Il 2013 è stato l’anno dei grandi ritorni e di qualche dipartita, delle solite certezze e delle nuove scommesse.
Un anno che non ha deluso e che ad alcuni grandi talenti, di questo incasinato e meraviglioso circus, ha restituito un impulso nuovo per ricominciare a rimettersi in gioco con qualche altro progetto, con altre storie da raccontare e da vivere.

Parliamo allora del come-back discografico di Matt Barlow, nuova fatica in studio dopo l’ultima partenza dagli Iced Earth. Il tempo aiuta a ricaricare le batterie ed anche a fornire nuove ispirazioni e modalità per metterle in pratica.
Pertanto, dopo un breve periodo di pausa, il rosso singer statunitense torna alla carica con un super progetto denominato Ashes of Ares, che vede coinvolti anche altri due pezzi grossi del metal mondiale, nella fattispecie Van Villiams – per i Nevermore qualcosa più di un semplice batterista – e Freddie Vidales, ex bassista anch’egli con un passato negli Iced Earth, coinvolto in questa nuova avventura pure in veste di chitarrista, come vedremo più avanti, con discreto successo.
Per quanto riguarda il lato prettamente musicale, gli Ashes of Ares affidano le loro fortune ad un heavy-power metal massiccio e da battaglia: incisivo, dinamico e dal notevole impatto.
Un sound denso e nello stesso tempo eterogeneo, pregno di atmosfere misteriose e continui cambi d’umore grazie alla continua alternanza di parti acustiche e parti distorte. Di primo acchito, potremmo senza dubbio classificare questo esordio discografico come un disco di buon mestiere e valore, che non fa dell’originalità il proprio cavallo di battaglia, ma che può conquistare – grazie al suo elevato tasso adrenalinico – una discreta fetta di appassionati.

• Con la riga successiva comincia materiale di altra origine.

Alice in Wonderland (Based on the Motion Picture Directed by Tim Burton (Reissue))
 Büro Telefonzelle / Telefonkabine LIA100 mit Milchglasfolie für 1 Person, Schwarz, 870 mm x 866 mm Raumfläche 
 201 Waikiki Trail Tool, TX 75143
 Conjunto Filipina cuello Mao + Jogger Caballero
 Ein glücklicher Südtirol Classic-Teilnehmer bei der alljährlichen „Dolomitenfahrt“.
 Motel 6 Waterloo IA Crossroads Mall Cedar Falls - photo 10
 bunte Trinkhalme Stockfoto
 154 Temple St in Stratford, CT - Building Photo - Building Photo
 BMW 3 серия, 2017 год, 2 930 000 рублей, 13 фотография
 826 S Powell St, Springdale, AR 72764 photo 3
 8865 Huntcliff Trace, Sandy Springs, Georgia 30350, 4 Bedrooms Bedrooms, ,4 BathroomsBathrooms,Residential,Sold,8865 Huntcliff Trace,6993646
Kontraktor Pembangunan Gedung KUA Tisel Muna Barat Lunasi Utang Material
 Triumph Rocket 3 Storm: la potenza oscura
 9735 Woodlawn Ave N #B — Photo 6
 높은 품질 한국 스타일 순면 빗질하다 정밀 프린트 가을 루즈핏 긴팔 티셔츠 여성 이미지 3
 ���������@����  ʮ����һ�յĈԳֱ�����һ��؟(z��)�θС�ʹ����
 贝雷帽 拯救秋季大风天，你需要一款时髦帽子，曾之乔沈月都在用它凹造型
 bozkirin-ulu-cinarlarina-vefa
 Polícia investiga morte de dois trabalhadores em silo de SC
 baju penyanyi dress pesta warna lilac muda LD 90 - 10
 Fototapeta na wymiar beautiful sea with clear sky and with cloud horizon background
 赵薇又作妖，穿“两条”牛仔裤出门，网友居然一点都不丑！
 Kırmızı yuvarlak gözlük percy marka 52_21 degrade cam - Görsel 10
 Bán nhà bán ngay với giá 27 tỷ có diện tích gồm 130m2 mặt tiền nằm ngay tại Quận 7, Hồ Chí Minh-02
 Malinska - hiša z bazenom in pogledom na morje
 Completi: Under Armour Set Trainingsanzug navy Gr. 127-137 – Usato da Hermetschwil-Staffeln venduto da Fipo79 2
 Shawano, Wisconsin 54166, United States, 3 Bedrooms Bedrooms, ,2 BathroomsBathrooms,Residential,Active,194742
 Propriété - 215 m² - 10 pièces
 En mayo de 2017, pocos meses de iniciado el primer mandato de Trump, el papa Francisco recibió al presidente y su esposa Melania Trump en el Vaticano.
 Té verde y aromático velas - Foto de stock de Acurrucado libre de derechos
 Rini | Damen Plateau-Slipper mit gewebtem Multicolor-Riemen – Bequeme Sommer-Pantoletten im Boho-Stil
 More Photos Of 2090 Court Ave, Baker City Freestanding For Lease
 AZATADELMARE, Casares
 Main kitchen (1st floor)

A “The messenger” l’onore di aprire le danze, alzando finalmente il sipario sulla nuova creatura della band statunitense; sin dalle prime battute di questo brano è facile constatare – attraverso velocissimi deja-vu – come le “vecchie abitudini” non muoiano mai. L’ascoltatore, infatti, è avvolto da un inizio molto lento e sfuggente per poi essere preso di petto da un mid-tempo imperioso e carico di groove. Una formula semplicemente “classica”.
Un pezzo a dir la verità non stratosferico dal punto di vista qualitativo, ma perfetto per la posizione in cui si trova. Buona in assoluto la prova di Barlow, magistrale al suo solito.
Dopo un primo episodio di “attesa”, gli Ashes Of Ares rompono indugi con un passaggio dall’impatto devastante: le linee guida sono le medesime dell’opener, tuttavia in questo caso le ritmiche – non eccessivamente veloci – crescono a dismisura, formando un muro granitico impenetrabile. Un episodio di gran lunga  superiore al precedente, in cui apprezzare il riuscito equilibrio tra suoni nuovi e  vecchie attitudini, condite da una produzione al limite del maniacale.

Con “On Warrior’s Wings” i toni si placano un istante. Le atmosfere si fanno d’improvviso morbide e sognanti, permettendo agli Ashes of Ares di porre in evidenza il lato più intimista ed epico della proposta.
Come costruzione di base, potremmo parlare di semi-ballad con classico crescendo nel refrain; ben presto però la struttura subisce un’accelerazione, ottima nel rendere il taglio melodico più intrigante e godibile all’ascolto.

Ad una prima parte del disco senza dubbio di qualità ed interessante resa in termini di ascolto, fa quindi seguito una parte centrale in cui, purtroppo, gli esiti non paiono altrettanto buoni ed efficaci.
Se “This is the Hell” risulta in ogni modo uno dei migliori pezzi del lotto, grazie a continui cambi di umore e ad atmosfere cariche di rabbia e drammaticità, le successive “Punishment” e “Dead Man’s Plight” non convincono davvero.
Una coppia di brani senz’altro di buona confezione che tuttavia nulla aggiunge a quanto detto in precedenza. Il tributo al passato risulta fin troppo evidente, zero nuove idee e poche emozioni: messi lì nel mezzo costituiscono con dignità un granitico muro sonoro ma qualche sbadiglio si rivela inevitabile…

Meglio per fortuna, la parte finale del disco (un premio per chi non si è fermato alla superficie delle prime due/tre tracce), inaugurata simbolicamente da uno degli episodi più devastanti dell’intera release: “Chalice of man”.
Un momento a dir poco esplosivo, sorretto da una sezione ritmica precisa e ricercata, che fa dell’impatto il proprio unico obiettivo, e sublimato in atmosfere ancor più rarefatte e apocalittiche grazie al cantato di Barlow, semplicemente spettacolare. Di gran lunga il pezzo migliore dell’intera tracklist.

Ma le note liete non sono tutte qui: anche “The Answer” e “What I am” dimostrano continuità di atmosfere e situazioni, conferendo un senso preciso alla strategia “artistica” della band.
“The answer” è il “vero” lento dell’album in cui la voce di Matthew fa ancora una volta la differenza: il tocco caldo ed evocativo, l’eleganza e lo stile del singer americano sono spettacolo puro.
Nella successiva “What I am”, la band ritorna a pestare di brutto, affidandosi ad un mid-tempo esplosivo, ove è la sezione ritmica ad assurgere al ruolo d’assoluta protagonista. Un gran bel pezzo che beneficia di una strabiliante – seppur breve – parte lenta che ne amplifica l’impatto emotivo.
“The One-Eyed King” chiude in maniera degna questo esordio discografico, mantenendosi su livelli ancora più che buoni.

Un disco interessante per gli Ashes Of Ares, che, probabilmente, non passerà inosservato.
Forse non originalissimo nelle scelte dei suoni e nell’attitudine, il gruppo mostra grinta e qualità, con il jolly assoluto fornito dall’avere in line up Matthew Barlow, uno dei migliori frontman “heavy” attualmente presenti su piazza.
Non c’è da sbraitare di miracoli insomma, ma la sostanza di un disco solido e ben realizzato rimane comunque intatta, a disposizione di chiunque vorrà concederle un ascolto.